Narayana Kocherlakota is putting numbers on it.

The president of the Federal Reserve Bank of Minneapolis said Thursday the Fed should keep interest rates extremely low until unemployment reaches 5.5 percent.

So long as inflation doesn't rise above 2.25 percent, Kocherlakota said, the Federal Open Market Committee should promise to keep rates low until unemployment falls below the 5.5 percent target.

"As long as the FOMC satisfies its price stability mandate, it should keep the fed funds rate extraordinarily low until the unemployment rate has fallen below 5.5 percent," Kocherlakota said in a speech at Gogebic Community College in Ironwood, Mich. – a two hour drive east of Duluth.

Kocherlakota does not serve on the FOMC, though like Fed bank presidents, he attends the meetings.

The speech builds on the decision last week by the Fed to do a third round of quantitative easing, an effort to further dridown interest rates by buying long-term securities from banks. Fed Chairman Ben Bernanke said the central bank will work to keep interest rates low "for a considerable time after the economic recovery strengthens."

That phrase was important to economists and investors, because they interpreted it as an open-ended commitment to low interest rates, which are supposed to encourage lending and stimulate the economy.

Kocherlakota took it a step further on Thursday. He argued that if the public believes the Fed will start raising interest rates when unemployment falls below 7 percent, or even below 6 percent, people will be more reluctant to spend and the economy will recover more slowly.

He made a psychological argument: The lower the explicit target for unemployment, the longer the Fed will keep interest rates low, and the more comfortable people will be spending money.
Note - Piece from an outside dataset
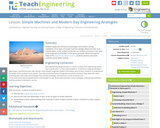 Simple Machines and Modern Day Engineering Analogies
That, in turn, should help the economy recover faster, he said.

"The FOMC can provide more current stimulus if people believe that liftoff will be triggered by a lower unemployment rate," Kocherlakota said.

Kocherlakota's "liftoff plan" in part reflects the ideas of Chicago Fed president Charles Evans, who has advocated a similar plan.

The Ninth District of the Federal Reserve, of which Kocherlakota is president, covers Montana, North and South Dakota, Minnesota, northern Wisconsin, and the Upper Peninsula of Michigan.